Goering estaba radiante como un colegial.

– ¿La lleva ahora?

Negué con la cabeza.

– No, Rienacker pensó que aquí podría asustar al gato.

– Lástima -dijo Goering-. Me habría gustado ver la pistola de un auténtico detective privado.

Se recostó en la silla, que tenía el aspecto de haber pertenecido a un voluminoso papa de la familia Médicis, y agitó la mano.

– Bueno, hablemos de negocios -dijo.

Uno de sus ayudantes trajo una carpeta y la dejó delante de su jefe. Goering la abrió y estudió el contenido durante varios segundos. Imaginé que hablaba de mí. Había tantas carpetas con información sobre mí dando vueltas por ahí en aquel momento que empezaba a sentirme como un caso médico.

– Aquí dice que antes fue policía -dijo-. Y con un historial bastante impresionante, además. Ahora ya habría llegado a comisario. ¿Por qué se fue?

Sacó de la chaqueta una cajita de laca para pildoras, e hizo caer un par de pastillas de color rosa en la palma de su gruesa mano mientras esperaba que yo respondiera. Se las tomó con un vaso de agua.

– No me gustaba mucho la comida de la policía. -Soltó una fuerte carcajada-. Con todo el respeto, Herr Primer Ministro, estoy seguro de que sabe bien por qué me marché, dado que por aquel entonces estaba usted al mando de la policía. No recuerdo haber ocultado mi oposición a la purga de los llamados agentes de policía poco fiables. Muchos de aquellos hombres eran amigos míos. Muchos perdieron sus pensiones. Un par perdieron incluso la cabeza.

Goering sonrió lentamente.
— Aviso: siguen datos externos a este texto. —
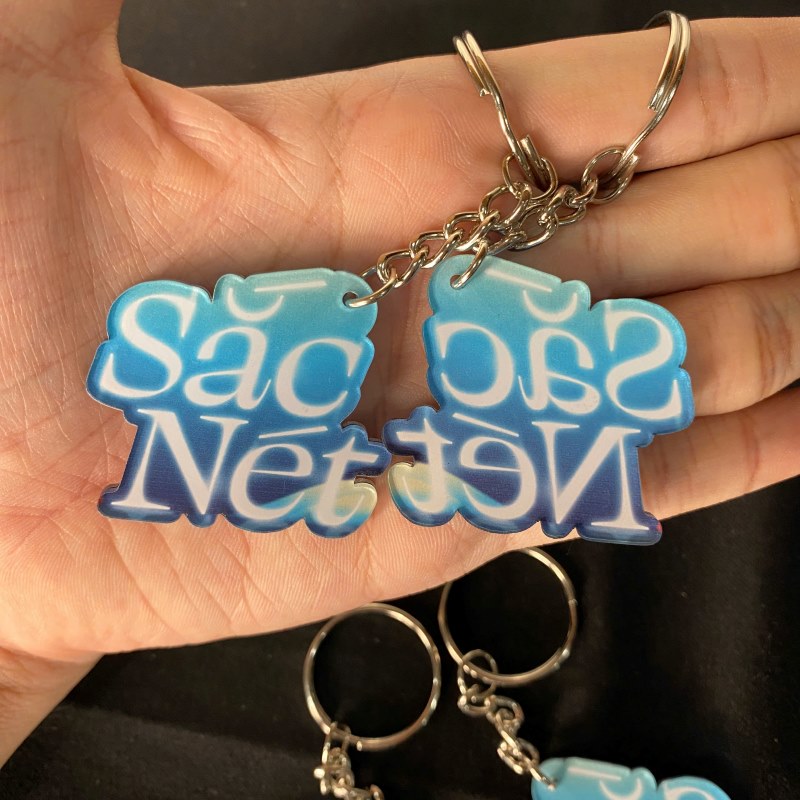 moc-khoa-mica-sac-net-2-mat Làm móc khóa theo yêu cầu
Con su frente amplia, sus ojos fríos, su resonante voz de bajo, su barbilla de rapaz y su barriga perezosa, me recordaba sobre todo a un enorme y gordo tigre devorador de hombres. Como si fuera telepáticamente consciente de la impresión que me causaba, se inclinó hacia delante en la silla, recogió el cachorro de león de la alfombra y lo acunó en sus rodillas, que tenían el tamaño de un sofá. El cachorro bizqueó adormilado, moviéndose apenas mientras su amo le acariciaba la cabeza y le manoseaba las orejas. Parecía que estuviera admirando a su propio hijo.